• **What you have to do**
Please write out only the lines from the one containing "Spannendes Finale der" through the last line of the listing. Do not include pictures.

• **Data block**

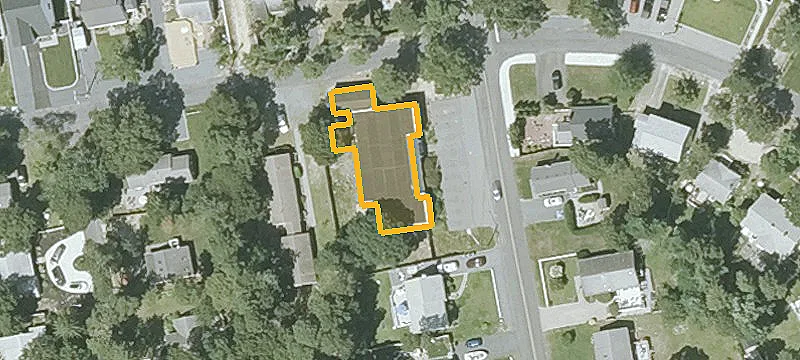 137 Run Pond Rd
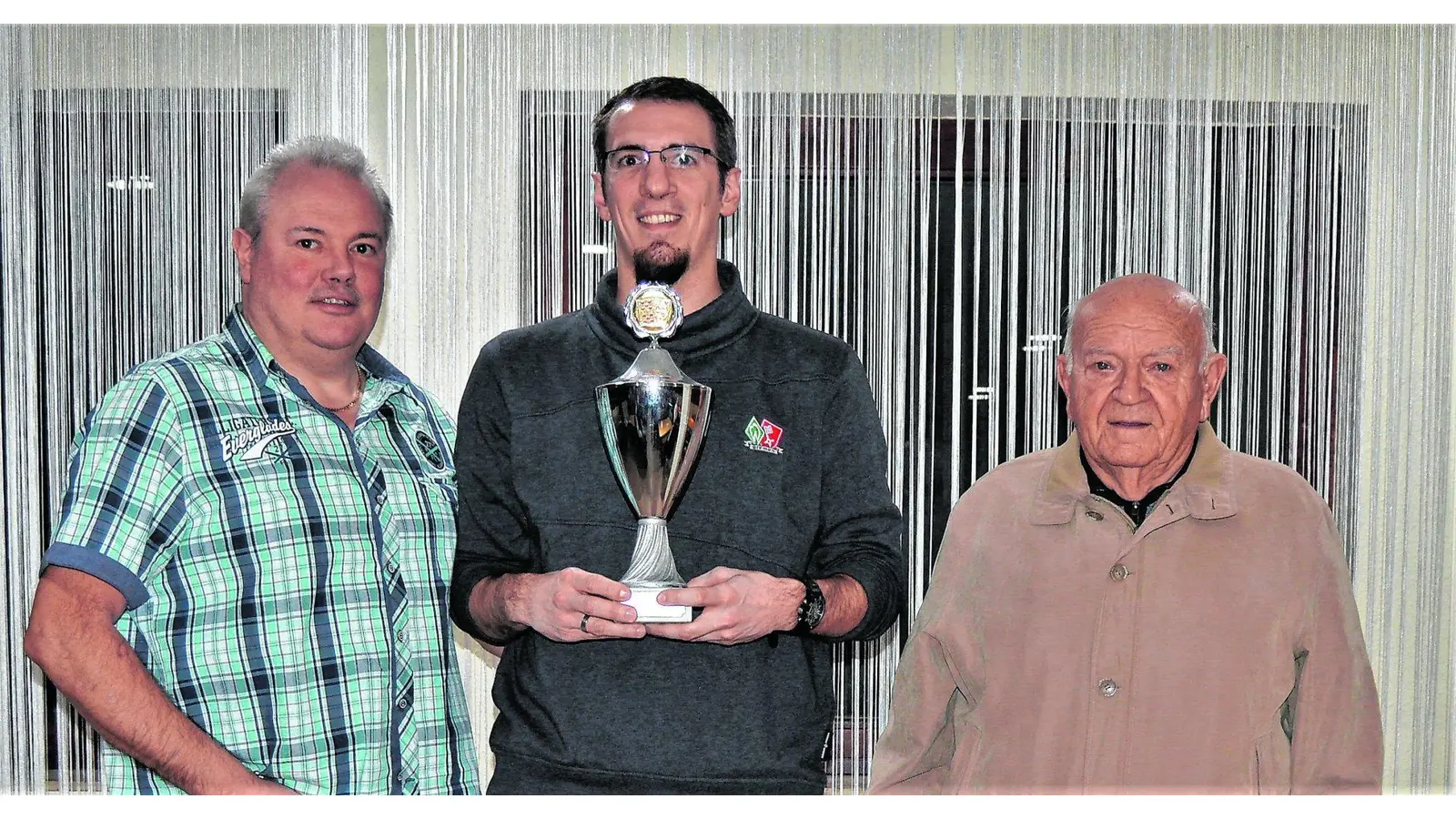 Spannendes Finale der Doppelkopfliga (Foto: red)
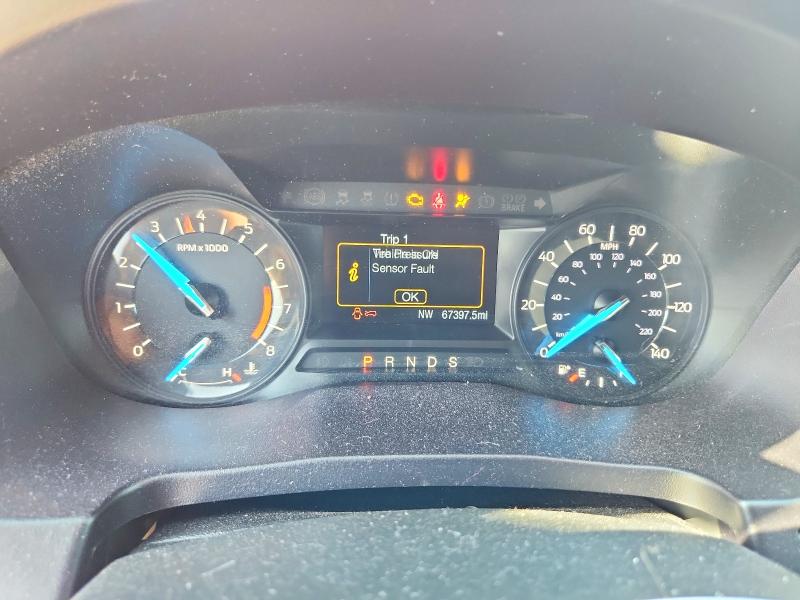 Aukcja sprzedaży 2017 Ford Explorer, vin: 1FM5K7D80HGC76332, numer aukcji: 69624696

• **Finished task**
 Spannendes Finale der Doppelkopfliga (Foto: red)
 Aukcja sprzedaży 2017 Ford Explorer, vin: 1FM5K7D80HGC76332, numer aukcji: 69624696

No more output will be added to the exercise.